The Libyan government has said it is open to “any” political reform but Muammar Gaddafi must stay in power to avoid a new Iraq or Somalia.
A spokesman told Reuters that Colonel Gaddafi was a “unifying figure”, and insisted his forces only targeted armed rebels, not civilians.
The Libyan leader has reportedly appeared in public in Tripoli.
Meanwhile, evacuees from the besieged city of Misrata accused pro-Gaddafi forces of atrocities against civilians.
Fighting has continued in the east of the country where the rebels have been trying to regain ground lost in recent days, and coalition aircraft attacked military vehicles believed to belong to Col Gaddafi’s forces.
The oil-rich country’s vital coastal belt is effectively split between rebel forces in the east and government loyalists in Tripoli and the west, nearly two months after the revolt against Col Gaddafi’s rule erupted.
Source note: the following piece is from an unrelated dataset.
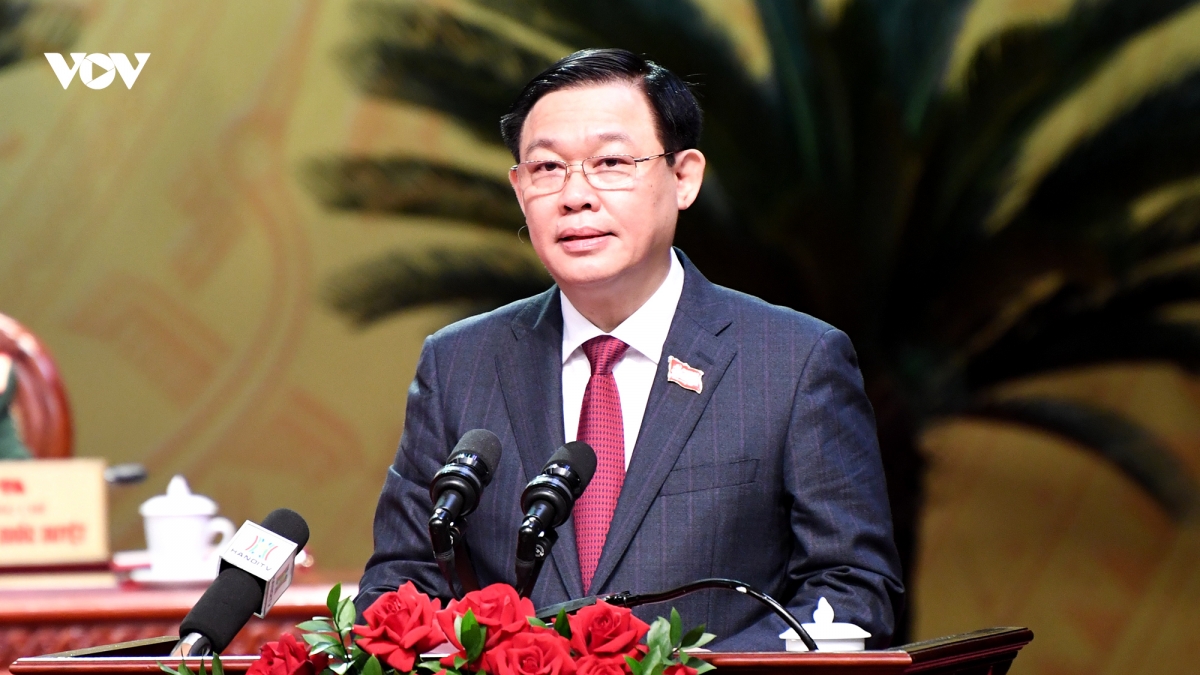Bí thư Thành uỷ Hà Nội Vương Đình Huệ phát biểu khai mạc Đại hội. Ảnh: Ngọc Thành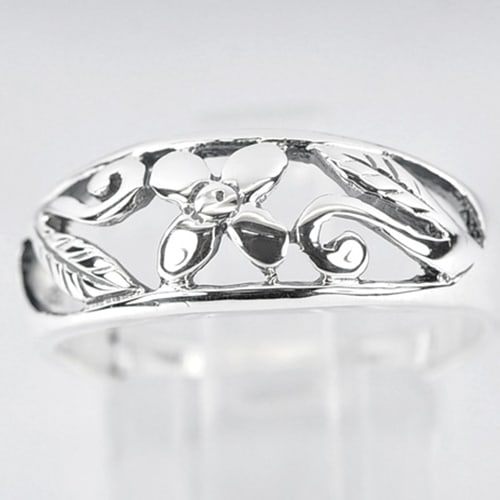 925 Sterling Silver Ring Jewelry Beautiful Flower Design Size 7 (1 of 3)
The son of Colonel Gaddafi has insisted that he and his father do not feel betrayed by the defection of the Libyan Foreign Minister Moussa Koussa who arrived in London last week.
Saif al-Islam told the BBC that Mr Koussa had travelled to Britain for health reasons because he was an old and sick man and needed treatment.
‘Elections, referenda, anything’
A Libyan government envoy, Deputy Foreign Minister Abdelati Obeidi, is currently on a tour of European capitals aimed at resolving the conflict.
Speaking in Tripoli, government spokesman Moussa Ibrahim said Col Gaddafi was “a safety valve for the country to remain together”.
“The leader provides Libyan tribes and Libyan population of a unifying figure, as a unifying figure,” he said.
“Many Libyans, many Libyans want him to lead the process forward because they are scared if he is not there for any reason we will have what happened in Iraq, we will have what happened in Somalia, we will have what happened in Afghanistan.”
Libya, the government spokesman said, was open to political reform – “elections, referenda, anything” – but “the leader has to lead this forward”.
Mr Ibrahim said it was not for the West to tell Libya “you have to lose your leader or your system or your regime”.
Denying government attacks on civilians, he challenged the outside world to investigate any alleged crimes.
“We are fighting armed militias,” he said. “You are not a civilian if you take up arms.”
Libyan state TV showed what appeared to be live footage of Col Gaddafi saluting supporters from a jeep outside his fortified compound at Bab al-Aziziya in Tripoli late on Monday.
‘Corpses in the street’
On Sunday, a Turkish humanitarian ship carrying more than 250 injured people from Misrata, the only major city in western Libya still under rebel control, arrived in the rebel capital Benghazi.
Speaking from Tunisia, other evacuees told Reuters that Gaddafi forces there had been “massacring” civilians.
“You have to visit Misrata to see the massacre by Gaddafi,” said Omar Boubaker, a 40-year-old engineer with a bullet wound to the leg, brought to the Tunisian port of Sfax by a French aid group.
“Corpses are in the street. Hospitals are overflowing.”
In the east, rebels were trying again on Monday to advance towards the oil town of Brega.
The BBC’s Wyre Davies, on the road close to Brega, said the rebels appeared to be more buoyant and organised than recently.
US jets attacked Libyan military vehicles near the cities of Sirte and Brega on Monday, US officials said.